“No nos toca dominar todas las mareas del mundo, sino hacer lo que esté en nuestras manos para el socorro de aquellos años en los que estamos colocados, arrancando el mal de los campos que conocemos, para que quienes vivan después tengan tierra limpia para sembrar.”
Si alguien ubica la referencia sin buscarla, bienvenido/a sea. Caso contrario, en unos días la escribo en comentarios. Para mí, es una frase por demás elocuente, y que tanto profesional como personalmente me resulta profunda (y finalmente encontré cómo dice la versión en español, en vez de arriesgar una traducción propia, jaja).
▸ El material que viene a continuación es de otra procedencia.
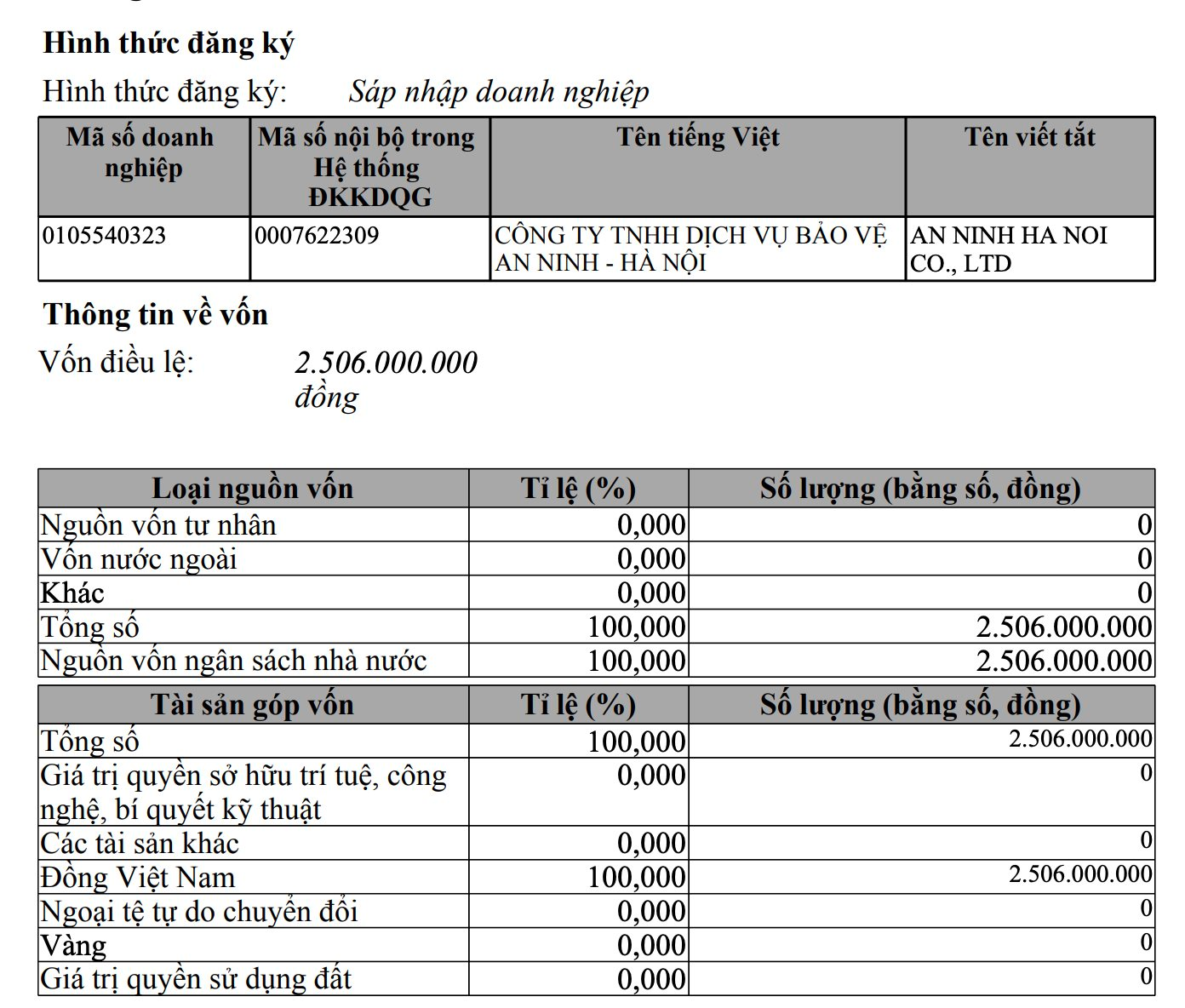 Chân dung công ty chuyên nghiệp duy nhất được bảo vệ trật tự khu vực hồ Hoàn Kiếm - Ảnh 3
De vuelta en casa, extraña en casa, me siento otra vez a escribir, que después de lidiar con las mareas del mundo toca cultivar el propio campo, y se comienza pequeño.
¿Por mi parte? Mi plan ahora es pacífico. Tengo una lista de lectura entera en la que avanzar, y un intenso deseo de recorrer mentalmente tierras extrañas. Algo para escribir, también. Tal vez conserve esta publicación mía, en lugar de borrarla como las anteriores. Pasaron cosas, y un marcapáginas nunca viene mal.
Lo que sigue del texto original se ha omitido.